EASA has commissioned a pair of German organisations – one a medical school and the other an applied research establishment – to research cabin air quality. The agency says the research will start with in-flight work to identify suitable instrumentation to measure cabin and cockpit air contamination.
Once the instrumentation and testing methodology has been established, EASA says it will carry out a larger-scale test programme on board commercially-operated large transport aeroplanes in the near future. Measurements will be taken in the cockpit and passenger cabin during all flight phases.
The EASA research contract has been awarded to a consortium made up of research establishment Fraunhofer and the Medizinische Hochschule Hannover (MHH). Both are based in Hannover.

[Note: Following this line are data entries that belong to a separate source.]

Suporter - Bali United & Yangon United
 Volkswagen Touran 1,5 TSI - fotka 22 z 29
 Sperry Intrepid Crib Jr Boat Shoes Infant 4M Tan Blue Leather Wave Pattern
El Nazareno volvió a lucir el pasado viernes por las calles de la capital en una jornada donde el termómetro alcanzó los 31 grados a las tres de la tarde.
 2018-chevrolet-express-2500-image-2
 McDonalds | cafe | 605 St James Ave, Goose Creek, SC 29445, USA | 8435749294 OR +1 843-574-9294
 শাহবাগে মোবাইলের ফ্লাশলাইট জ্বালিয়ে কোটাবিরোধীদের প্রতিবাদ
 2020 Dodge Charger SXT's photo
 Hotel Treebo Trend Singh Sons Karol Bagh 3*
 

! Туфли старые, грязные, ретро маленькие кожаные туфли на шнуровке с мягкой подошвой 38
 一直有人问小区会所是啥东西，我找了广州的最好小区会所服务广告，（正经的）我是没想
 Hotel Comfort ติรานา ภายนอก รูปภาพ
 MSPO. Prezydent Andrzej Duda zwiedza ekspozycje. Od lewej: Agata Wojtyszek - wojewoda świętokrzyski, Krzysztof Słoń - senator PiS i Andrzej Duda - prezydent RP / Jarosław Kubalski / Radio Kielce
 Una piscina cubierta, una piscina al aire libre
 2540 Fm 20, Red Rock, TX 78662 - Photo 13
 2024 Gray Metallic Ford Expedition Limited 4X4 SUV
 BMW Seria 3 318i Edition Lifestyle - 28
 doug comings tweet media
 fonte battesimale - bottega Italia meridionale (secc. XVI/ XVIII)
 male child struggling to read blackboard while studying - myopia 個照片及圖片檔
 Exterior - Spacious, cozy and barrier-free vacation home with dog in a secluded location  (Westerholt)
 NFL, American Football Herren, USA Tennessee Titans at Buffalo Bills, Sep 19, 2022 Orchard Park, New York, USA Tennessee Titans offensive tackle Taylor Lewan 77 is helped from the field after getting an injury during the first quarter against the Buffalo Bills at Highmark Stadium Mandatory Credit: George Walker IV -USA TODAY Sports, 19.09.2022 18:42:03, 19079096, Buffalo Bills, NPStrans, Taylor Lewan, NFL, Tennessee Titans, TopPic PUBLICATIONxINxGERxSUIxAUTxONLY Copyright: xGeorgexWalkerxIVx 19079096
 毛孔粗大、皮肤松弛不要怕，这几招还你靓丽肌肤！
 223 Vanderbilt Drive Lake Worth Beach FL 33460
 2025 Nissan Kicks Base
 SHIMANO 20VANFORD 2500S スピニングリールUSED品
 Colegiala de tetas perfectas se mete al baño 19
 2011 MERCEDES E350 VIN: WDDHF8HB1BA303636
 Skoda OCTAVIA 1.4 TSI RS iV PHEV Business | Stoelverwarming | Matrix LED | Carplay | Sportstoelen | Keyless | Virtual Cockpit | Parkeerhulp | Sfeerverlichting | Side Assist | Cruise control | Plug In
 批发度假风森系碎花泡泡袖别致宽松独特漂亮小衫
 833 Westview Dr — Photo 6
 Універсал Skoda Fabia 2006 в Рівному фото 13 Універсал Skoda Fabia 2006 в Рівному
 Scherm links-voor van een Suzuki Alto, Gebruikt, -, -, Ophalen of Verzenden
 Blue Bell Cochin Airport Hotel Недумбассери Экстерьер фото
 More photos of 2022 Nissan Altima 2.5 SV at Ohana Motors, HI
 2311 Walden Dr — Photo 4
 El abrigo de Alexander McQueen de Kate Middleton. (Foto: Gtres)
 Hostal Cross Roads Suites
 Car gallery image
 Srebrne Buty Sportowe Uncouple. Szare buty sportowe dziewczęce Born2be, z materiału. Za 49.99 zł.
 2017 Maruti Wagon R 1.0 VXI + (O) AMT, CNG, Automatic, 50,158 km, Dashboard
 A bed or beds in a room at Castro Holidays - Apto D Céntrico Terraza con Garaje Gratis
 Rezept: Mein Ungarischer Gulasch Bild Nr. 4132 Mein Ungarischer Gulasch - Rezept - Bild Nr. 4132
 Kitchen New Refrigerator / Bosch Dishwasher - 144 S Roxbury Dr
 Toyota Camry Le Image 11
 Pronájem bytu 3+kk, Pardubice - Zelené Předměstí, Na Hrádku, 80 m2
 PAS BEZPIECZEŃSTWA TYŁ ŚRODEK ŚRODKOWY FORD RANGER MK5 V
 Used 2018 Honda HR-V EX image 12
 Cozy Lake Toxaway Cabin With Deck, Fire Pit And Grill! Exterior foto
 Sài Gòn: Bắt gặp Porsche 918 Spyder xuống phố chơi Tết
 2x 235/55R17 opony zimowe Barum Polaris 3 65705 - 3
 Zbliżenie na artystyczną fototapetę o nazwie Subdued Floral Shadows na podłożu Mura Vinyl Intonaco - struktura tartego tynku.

EASA’s call for research bids states: “The quality of the air that passengers and air crews are exposed to on board commercial transport aeroplanes has been the basis of a continuing debate over the last 60 years, both from the health and safety points of view. Discussions about cabin or cockpit air quality need to differentiate between single cabin/cockpit air contamination [fume] events and the cabin air composition in normal operating conditions, for example the composition of the cabin air in the absence of any abnormal event and which can be compared, for instance, to the composition of the outside air or to the air at other workplaces.”
The project is expected take 20 months from taking measurements to analysis of the results. Results are expected in October 2016, says EASA, adding that the final details of the project – including the complete list of the aircraft types that will feature in the research – are still to be decided upon.